Crawled caption data

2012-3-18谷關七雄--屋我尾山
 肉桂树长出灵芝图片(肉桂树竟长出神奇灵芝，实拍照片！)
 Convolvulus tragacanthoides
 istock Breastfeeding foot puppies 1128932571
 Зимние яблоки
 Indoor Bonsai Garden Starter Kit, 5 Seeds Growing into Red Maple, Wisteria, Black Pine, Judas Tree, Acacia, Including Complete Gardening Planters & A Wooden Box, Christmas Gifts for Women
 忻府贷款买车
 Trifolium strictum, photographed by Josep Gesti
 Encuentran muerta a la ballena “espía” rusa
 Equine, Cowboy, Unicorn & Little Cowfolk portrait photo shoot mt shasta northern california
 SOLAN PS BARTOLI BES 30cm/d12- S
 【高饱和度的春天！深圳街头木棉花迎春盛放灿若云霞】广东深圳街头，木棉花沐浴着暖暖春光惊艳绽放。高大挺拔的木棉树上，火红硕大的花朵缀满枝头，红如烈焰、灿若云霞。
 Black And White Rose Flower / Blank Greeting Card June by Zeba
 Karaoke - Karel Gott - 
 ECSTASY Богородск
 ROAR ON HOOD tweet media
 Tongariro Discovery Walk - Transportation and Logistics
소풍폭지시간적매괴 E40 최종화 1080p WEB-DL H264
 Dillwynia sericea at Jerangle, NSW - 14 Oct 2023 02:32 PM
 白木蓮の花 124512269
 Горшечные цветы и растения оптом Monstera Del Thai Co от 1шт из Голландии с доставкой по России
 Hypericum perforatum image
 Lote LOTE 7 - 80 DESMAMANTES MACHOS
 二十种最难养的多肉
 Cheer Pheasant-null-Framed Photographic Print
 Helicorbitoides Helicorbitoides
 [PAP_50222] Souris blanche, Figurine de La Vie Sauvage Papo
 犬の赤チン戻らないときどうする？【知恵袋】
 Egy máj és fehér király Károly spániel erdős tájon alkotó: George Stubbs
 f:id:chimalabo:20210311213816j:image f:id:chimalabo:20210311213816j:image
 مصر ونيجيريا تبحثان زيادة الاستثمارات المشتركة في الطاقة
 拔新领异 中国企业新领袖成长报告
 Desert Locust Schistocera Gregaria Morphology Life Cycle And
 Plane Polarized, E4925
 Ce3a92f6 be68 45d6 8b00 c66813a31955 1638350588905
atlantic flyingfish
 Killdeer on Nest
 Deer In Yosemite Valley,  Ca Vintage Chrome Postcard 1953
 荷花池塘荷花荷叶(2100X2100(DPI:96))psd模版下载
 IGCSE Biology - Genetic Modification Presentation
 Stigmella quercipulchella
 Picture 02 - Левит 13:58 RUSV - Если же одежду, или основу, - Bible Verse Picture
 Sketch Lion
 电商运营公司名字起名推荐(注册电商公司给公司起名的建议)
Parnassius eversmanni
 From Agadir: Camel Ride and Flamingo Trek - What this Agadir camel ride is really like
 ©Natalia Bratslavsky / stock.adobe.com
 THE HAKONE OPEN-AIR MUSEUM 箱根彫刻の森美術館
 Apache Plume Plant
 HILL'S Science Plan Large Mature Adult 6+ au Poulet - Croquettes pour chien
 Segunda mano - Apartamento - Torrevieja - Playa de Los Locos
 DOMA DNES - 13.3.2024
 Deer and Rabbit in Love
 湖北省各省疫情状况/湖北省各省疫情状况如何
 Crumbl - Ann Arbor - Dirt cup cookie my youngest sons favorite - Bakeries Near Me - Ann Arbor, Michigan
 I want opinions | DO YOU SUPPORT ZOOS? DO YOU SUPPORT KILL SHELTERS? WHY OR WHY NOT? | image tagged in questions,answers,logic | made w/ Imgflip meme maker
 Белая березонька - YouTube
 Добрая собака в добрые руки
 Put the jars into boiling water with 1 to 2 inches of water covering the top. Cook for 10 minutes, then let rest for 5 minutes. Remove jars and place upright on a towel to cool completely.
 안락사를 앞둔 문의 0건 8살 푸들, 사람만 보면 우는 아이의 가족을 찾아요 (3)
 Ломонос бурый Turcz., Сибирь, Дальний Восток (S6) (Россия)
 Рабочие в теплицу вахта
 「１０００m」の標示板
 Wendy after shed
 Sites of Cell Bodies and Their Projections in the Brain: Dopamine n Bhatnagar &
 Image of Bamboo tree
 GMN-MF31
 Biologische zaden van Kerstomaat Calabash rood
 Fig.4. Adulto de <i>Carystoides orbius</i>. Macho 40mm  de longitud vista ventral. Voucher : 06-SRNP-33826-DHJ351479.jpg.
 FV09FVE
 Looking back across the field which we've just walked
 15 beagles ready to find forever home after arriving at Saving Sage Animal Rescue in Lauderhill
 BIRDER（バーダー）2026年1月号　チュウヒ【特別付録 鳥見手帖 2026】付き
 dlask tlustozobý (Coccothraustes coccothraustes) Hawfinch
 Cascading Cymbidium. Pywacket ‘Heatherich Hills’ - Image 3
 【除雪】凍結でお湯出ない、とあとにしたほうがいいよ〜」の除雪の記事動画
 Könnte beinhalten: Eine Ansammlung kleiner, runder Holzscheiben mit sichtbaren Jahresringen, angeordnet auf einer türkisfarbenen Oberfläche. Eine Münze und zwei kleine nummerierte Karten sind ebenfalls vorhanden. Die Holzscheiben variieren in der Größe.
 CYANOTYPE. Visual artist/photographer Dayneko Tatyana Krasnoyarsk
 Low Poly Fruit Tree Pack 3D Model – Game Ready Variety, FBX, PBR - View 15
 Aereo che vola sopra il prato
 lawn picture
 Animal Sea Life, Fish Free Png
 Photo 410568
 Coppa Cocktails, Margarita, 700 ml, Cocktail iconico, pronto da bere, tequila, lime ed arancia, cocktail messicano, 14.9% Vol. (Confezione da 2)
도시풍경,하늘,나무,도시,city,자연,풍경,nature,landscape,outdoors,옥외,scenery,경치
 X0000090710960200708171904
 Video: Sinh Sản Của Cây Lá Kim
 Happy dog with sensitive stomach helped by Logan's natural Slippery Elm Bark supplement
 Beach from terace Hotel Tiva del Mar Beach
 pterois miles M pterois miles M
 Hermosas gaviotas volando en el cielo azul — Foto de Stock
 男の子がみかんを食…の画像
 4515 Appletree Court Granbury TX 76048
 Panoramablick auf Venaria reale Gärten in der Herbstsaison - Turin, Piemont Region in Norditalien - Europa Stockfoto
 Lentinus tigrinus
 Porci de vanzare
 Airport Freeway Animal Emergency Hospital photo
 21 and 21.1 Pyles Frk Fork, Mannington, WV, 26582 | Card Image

Work item
Work through the records above. Copy every line with the string "Animal".

Written solution
 15 beagles ready to find forever home after arriving at Saving Sage Animal Rescue in Lauderhill
 Animal Sea Life, Fish Free Png
 Airport Freeway Animal Emergency Hospital photo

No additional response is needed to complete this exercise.